Tecnologia está na base do agronegócio brasileiro
Novembro passado registrou um crescimento em 10% nas exportações de carne bovina do Brasil, muito por conta do aumento de compras pela China, que saltou em um mês, de 109 para 123 mil toneladas, segundo a associação de indústrias Abrafrigo.
No mercado interno, a tônica pela qualidade tem transformado o segmento. E a inovação e a tecnologia possibilitaram a evolução da genética brasileira, que mudou o padrão da reprodução do gado, verificável não apenas pelo salto de produtividade dos últimos 20 anos, como também pela qualidade da carne.
A relativa baixa capacidade de investimento e as deficiências logísticas do Brasil, quando comparadas a países produtores do primeiro mundo e à China, são compensadas pelas propriedades de grande extensão que viabilizam a produção em grande escala e tecnologias desenvolvidas internamente que agregam grande diferencial competitivo.

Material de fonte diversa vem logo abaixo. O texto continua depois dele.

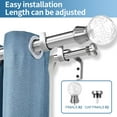 thumbnail image 2 of Urbanest Crackle Glass Flat Button 1" 5/8" Double Drapery Curtain Window Rod Set - 28" to 48", Brushed Steel, 2 of 6
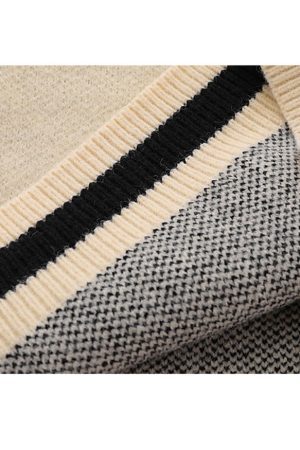 Style Core Aesthetics, New Style Trends V Neck Button Decor Star Pattern Sweater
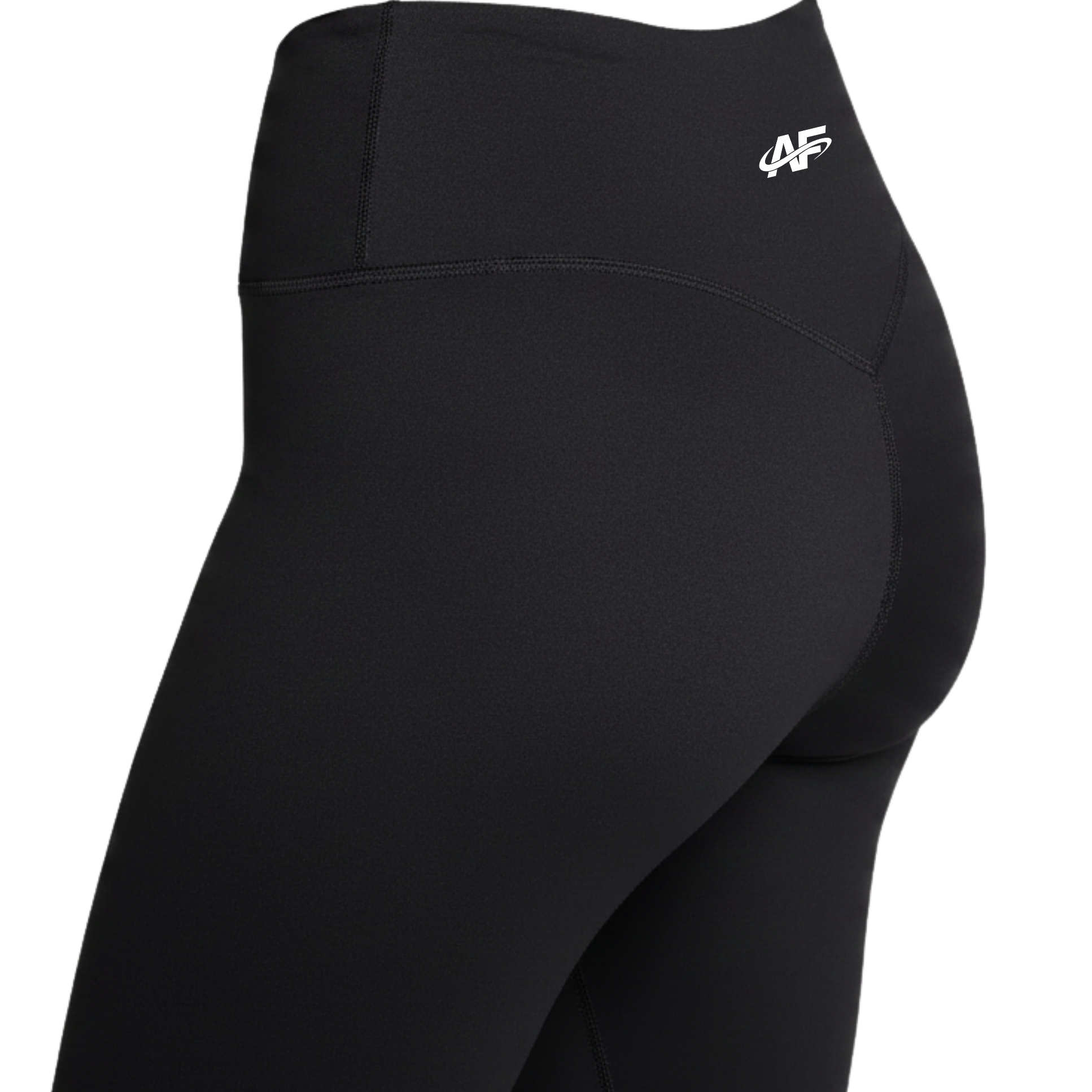 Black leggings with a logo on the waistband against a white background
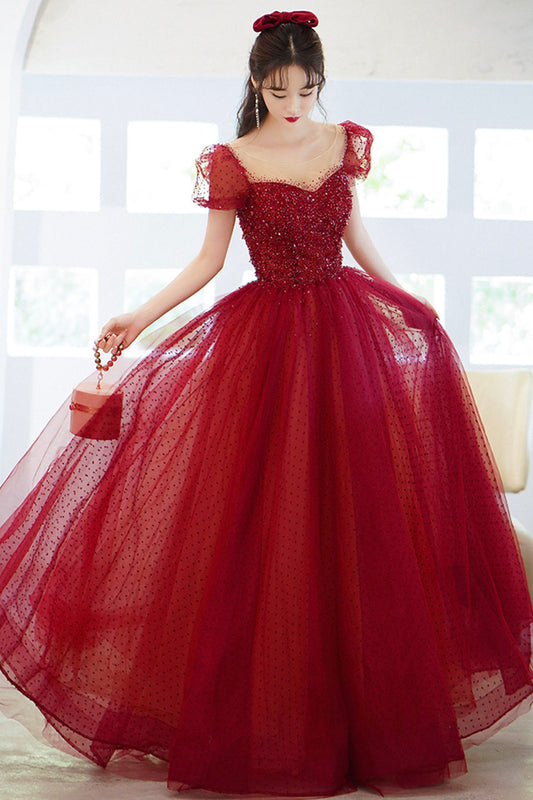 Cute tulle sequins long prom dress burgundy evening dress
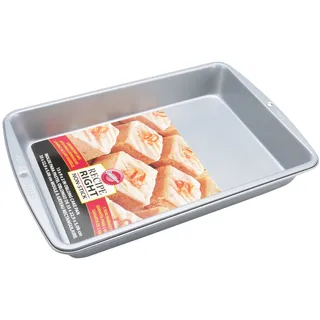 Wilton Recipe Right Längliche Kuchenform 33 x 22,9cm: Kuchenform Antihaft Backform Rechteckig für Kuchen, Brot oder Torten Backblech Oblong Cake Pan - 33 x 22,9 cm, Grey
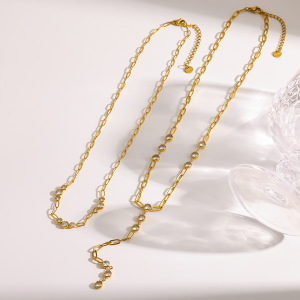 Colliers Pendentifs Pour Femmes En Acier Inoxydable Doré, Forme Géométrique Classique, Étanches, Avec Zircon. h5 Image3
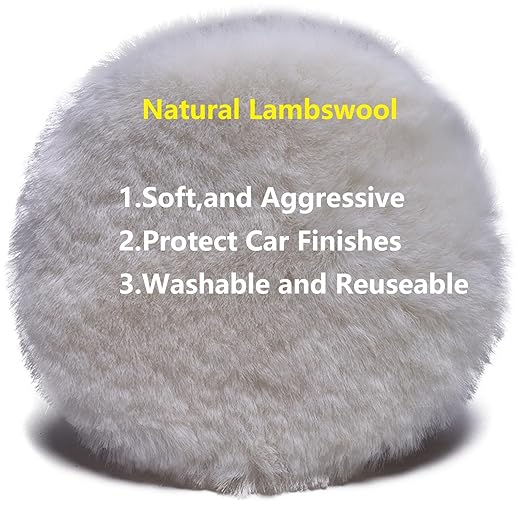 Gracefur 5 Pcs 5 Inch Lambs Wool Polishing Buffing Pads with Hook and Loop Back, Soft Sheepskin Buffer Pads for Vehicles, Boat, Furniture, Floors and So On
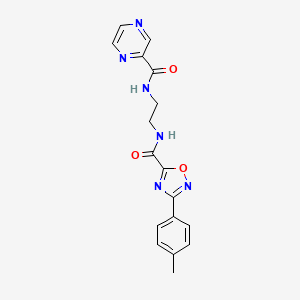 molecular formula C17H16N6O3 B4288019 N-(2-{[3-(4-METHYLPHENYL)-1,2,4-OXADIAZOL-5-YL]FORMAMIDO}ETHYL)PYRAZINE-2-CARBOXAMIDE 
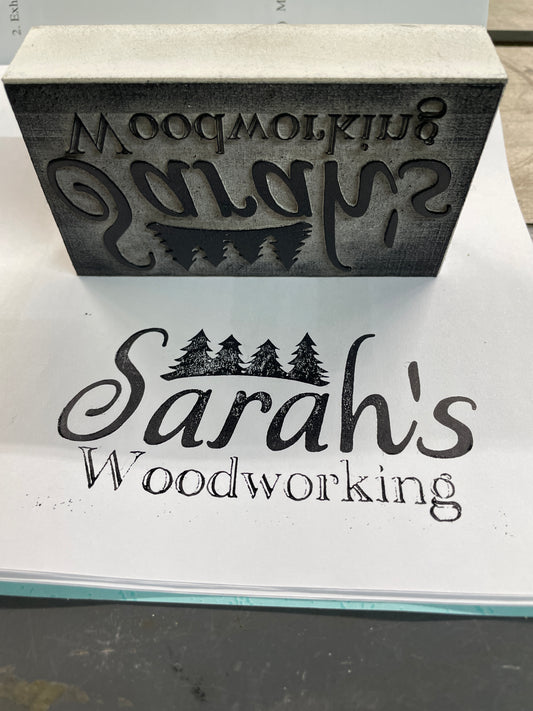 Branding iron and rubber stamp for Sarah’s Woodworking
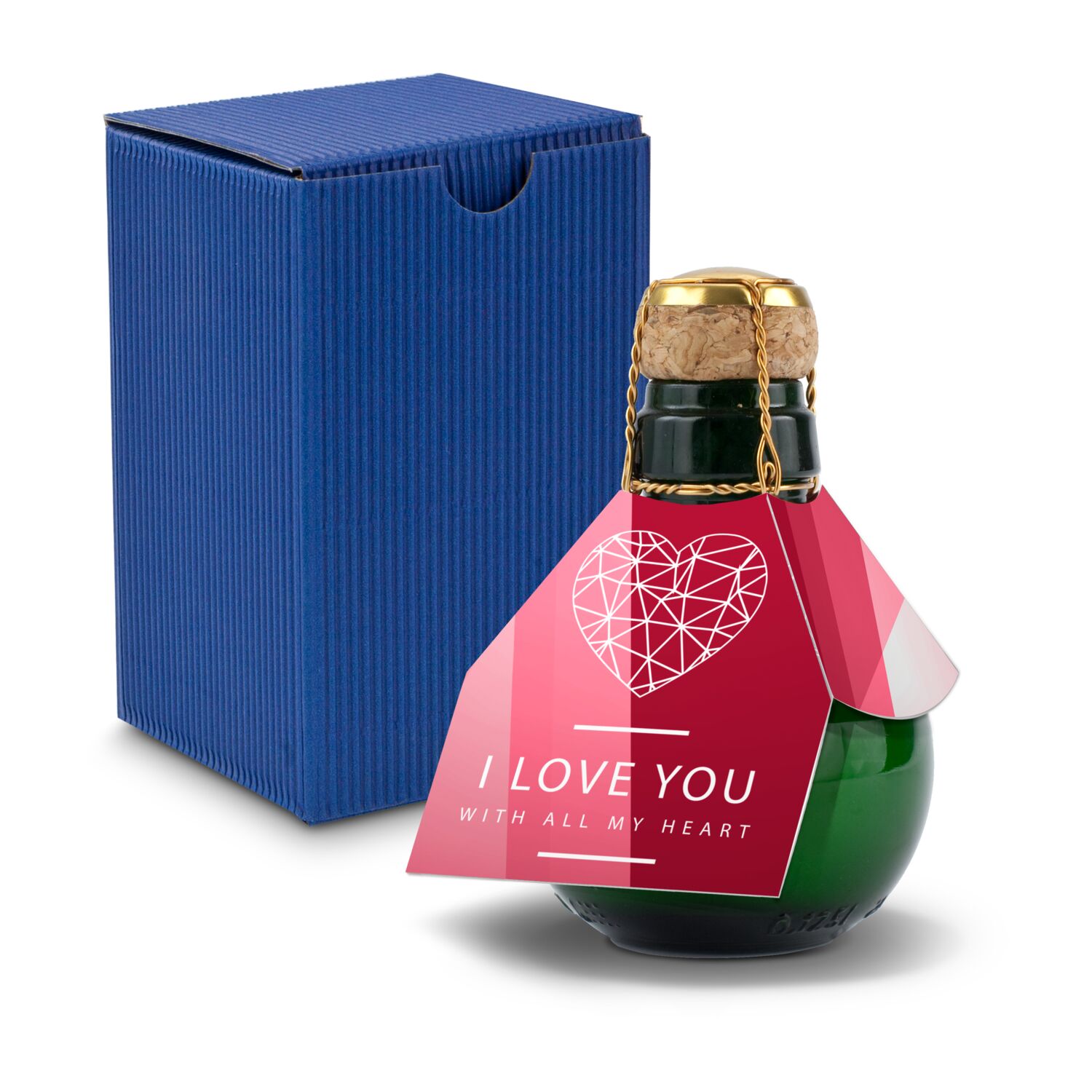 Origineller Sekt I love u - Karton Blau, 125 ml 2K1358p3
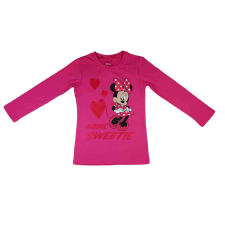 Disney Minnie csillámos, szíves hosszú ujjú lányka póló - 134-es méret, pink gyerek póló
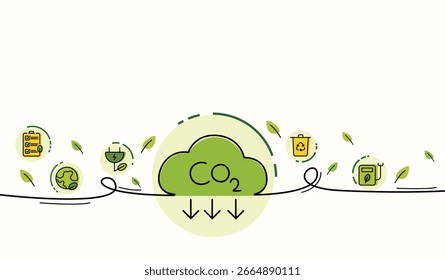 O conceito de reduzir a emissão de co2 usando energia limpa para reduzir o problema da mudança climática com a ilustração vetorial de ícones de linha plana. Design infográfico de modelo de desenvolvimento de ambiente verde para banner da Web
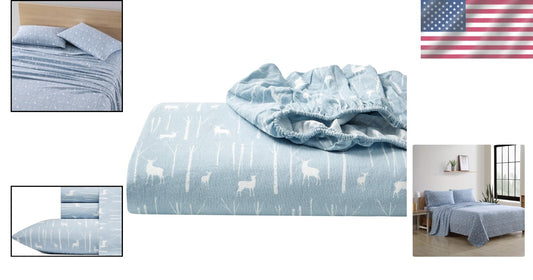Deep Pocket King Sheet Set in Birch Forest - Extra Soft Cotton Flannel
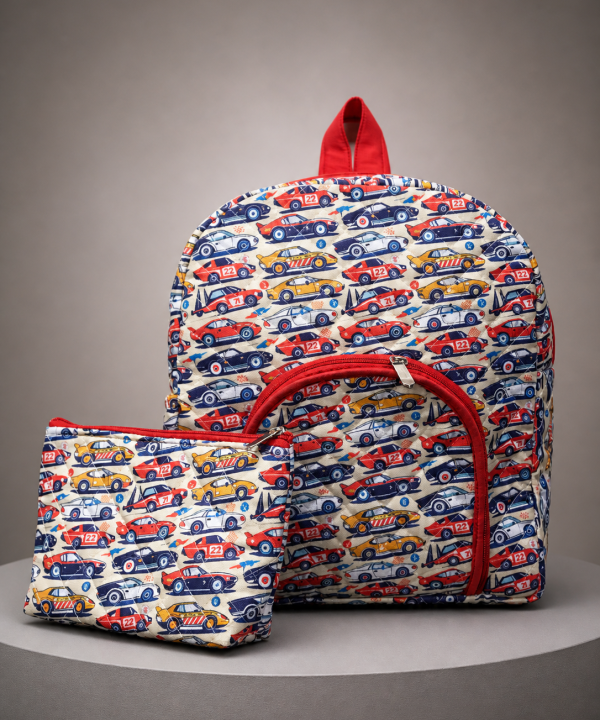 Racing Cars Adventure Kids Backpack & Zipper Pouch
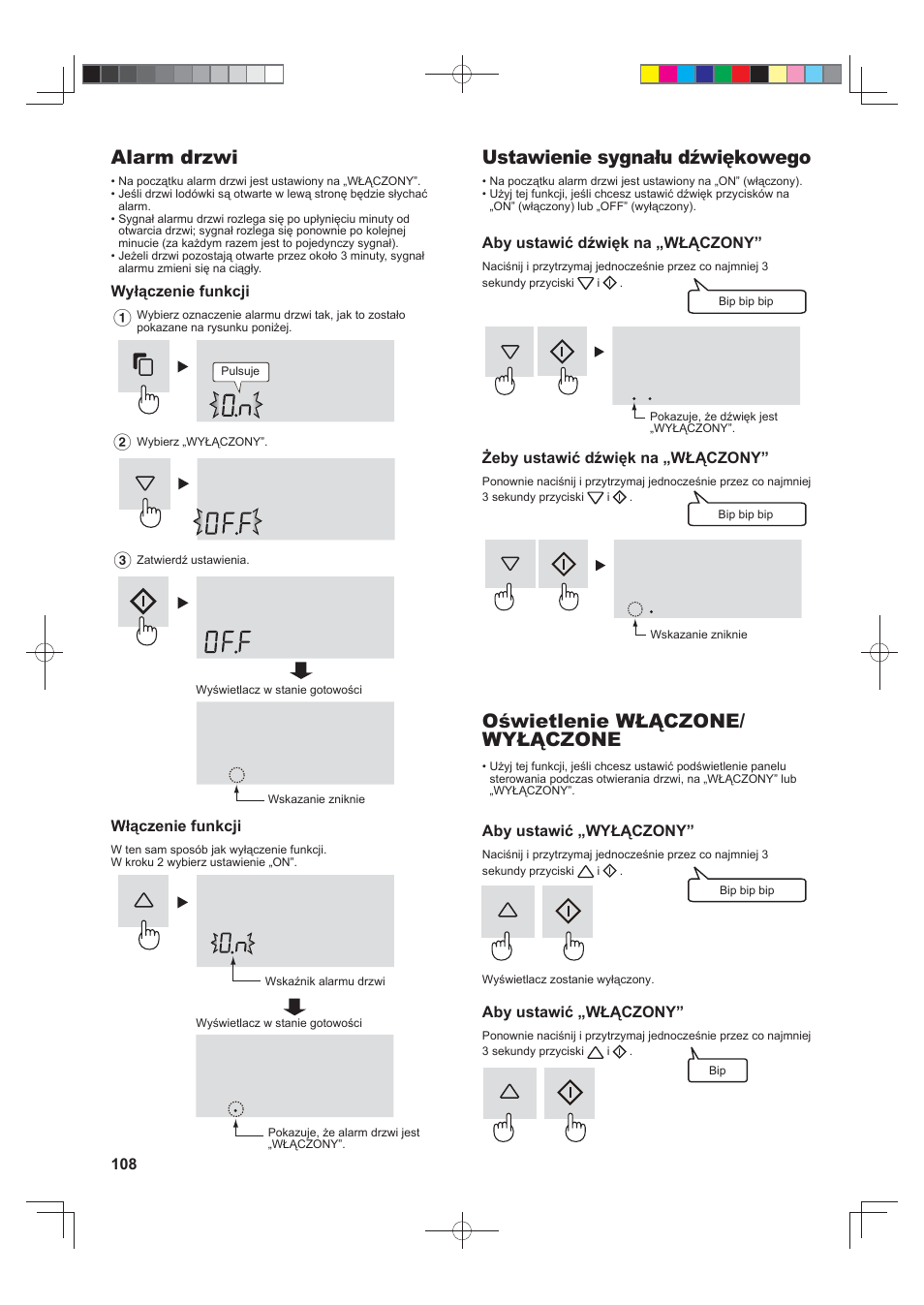 Alarm drzwi, Ustawienie sygnału dźwiękowego, Oświetlenie włączone/ wyłączone | Sharp SJ-FJ810VBK User Manual | Page 108 / 232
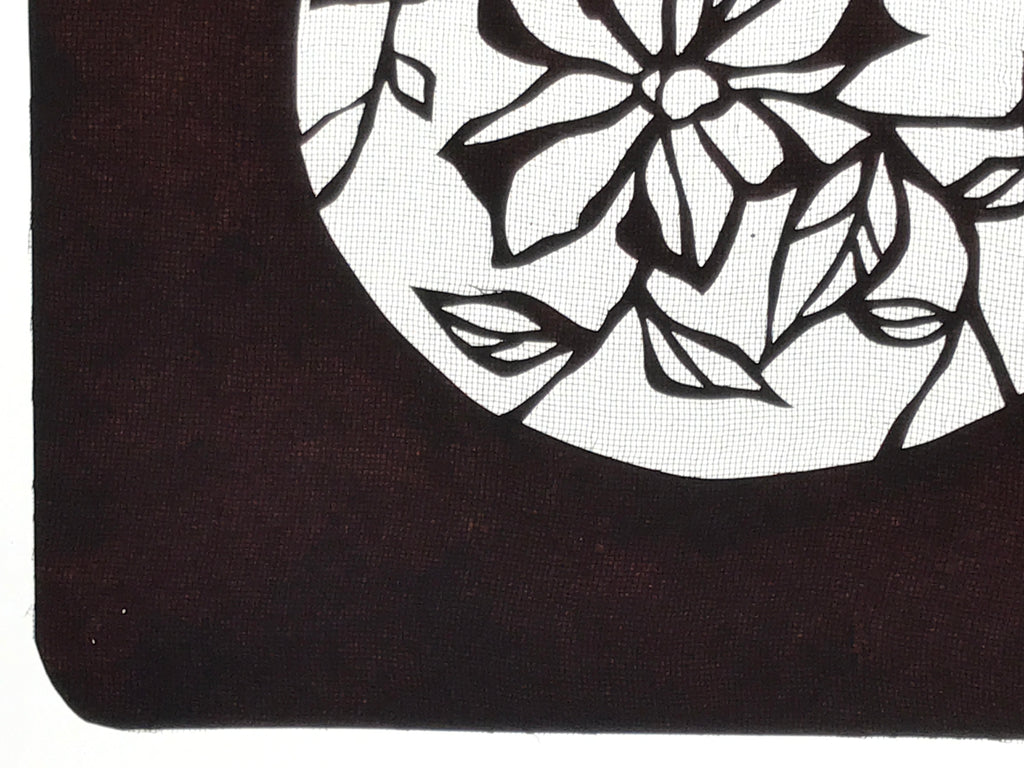 Antique Japanese Katagami Paper Kimono Stencil Katazome Floral Hana Flowers A780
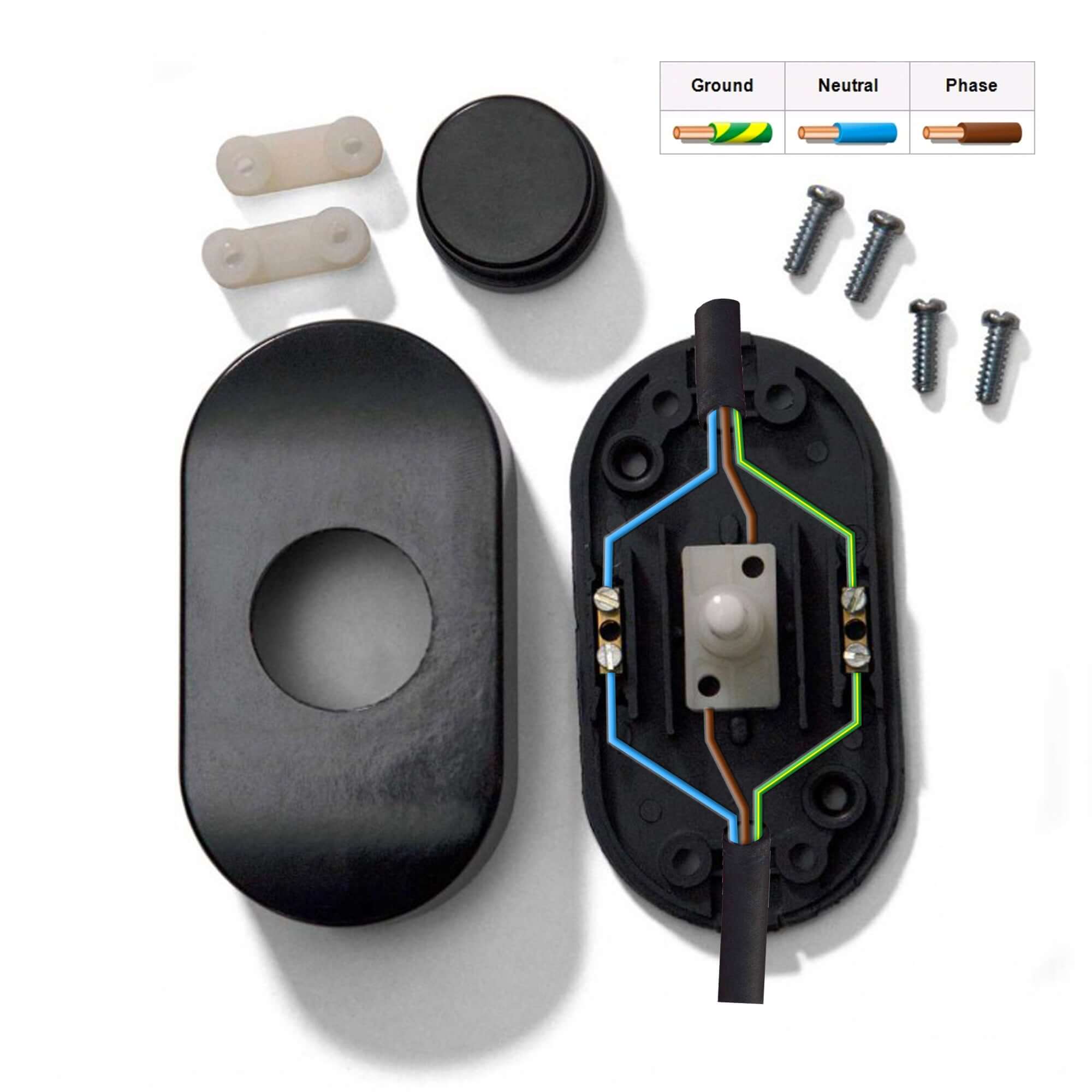 Interruttore a pedale Unipolare Nero con morsetti a vite - Design by Achille Castiglioni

Lideramos as exportações de carne bovina, café, soja, carne de frango, açúcar e suco de laranja. E já nos aproximamos da liderança na exportação de milho. O manejo dos campos e dos animais é muito bem-feito. Sem mencionar o clima excelente que permite até três safras anuais. Pesa contra o país a deficiente estrutura logística, além do custo de capital, acima dos concorrentes mundiais.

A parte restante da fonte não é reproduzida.